Evaluation of the Portfolio’s Implementation in Clinical Clerkship: Students’ and Staff’s Perception in Egypt


avatar Enjy Abouzeid 1 , * , avatar Asmaa Abdel Nasser 1

1 Assistant Professor, Department of Medical Education, Faculty of Medicine, Suez Canal University, Egypt

How to Cite: Abouzeid E, Abdel Nasser A. Evaluation of the Portfolio’s Implementation in Clinical Clerkship: Students’ and Staff’s Perception in Egypt. J Med Edu. 2018;17(4):e105650. doi: 10.22037/jme.v17i4.23742.


Journal of Medical Education: 17 (4); e105650
Published Online: February 24, 2019
Article Type: Research Article
Received: December 16, 2018
Accepted: January 20, 2019


Background: Over the last two decades, the focus of curricula has shifted from the acquisition of knowledge to the achievement of competence. The challenge is to improve the assessment scheme to formatively support the development of competence in an integrated, coherent, and longitudinal fashion, and assess them in a summative fashion.Objectives: To investigate the students’ and staff’s perception towards the implementation process of the portfolio in the clinical years at Faculty of Medicine, Suez Canal University.Methods: Two different questionnaires were used to explore the students’ and staff’s perception towards portfolio assessment process.Results: The students’ response rate was 70%. 46.8% of the students agreed on the portfolio’s complementary role to clinical teaching during rotations.

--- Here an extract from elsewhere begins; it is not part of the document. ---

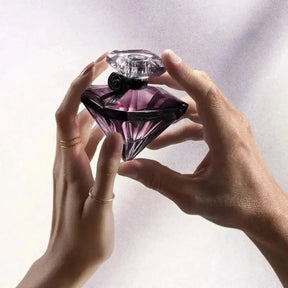 Lancôme La Nuit Trésor EDP Feminino - Perfume Floral Oriental com Rosa Negra e Orquídea - Jm Grife - Lancôme La Nuit Trésor EDP Feminino - Perfume Floral Oriental com Rosa Negra e Orquídea - - Jm Grife - 100 mL, 30 mL, 50 mL, amor, feminino, issues, Jm Grife, lanc, MLB6280903-100 mL, MLB6280903-30 mL, MLB6280903-50 mL, nuit, perfume - Jm Grife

They agreed that portfolio stimulated their problem solving and clinical reasoning skills by 38.5%, and 38.2% respectively. 41.1% agreed that it helped them in preparation for their future practice. However, 41% agreed that portfolio workload and time required were excessive. There was no chance to improve those aspects assessed as deficient in feedback. One of the threatening problems is copying the portfolio from others, unfortunately. 34.7% of the students agreed that this was a problem among them. Regarding the staff, they agreed that portfolio helped them to assess students’ competencies and permitted multiple episodes of teaching more effectively than single observations did (75%, and 72.2%, respectively). However, 38.9% felt that it was an exhausting and time-consuming assessment process. They thought that it would be better to have enough time for review the portfolio in detail before the oral discussion, and that was fair if two examiners evaluated it rather than one (64%, and 75%, respectively).Conclusion: The portfolio helps the faculty in assessment of students’ clinical competencies in a continuous manner but for both it was exhausting and time-consuming assessment process.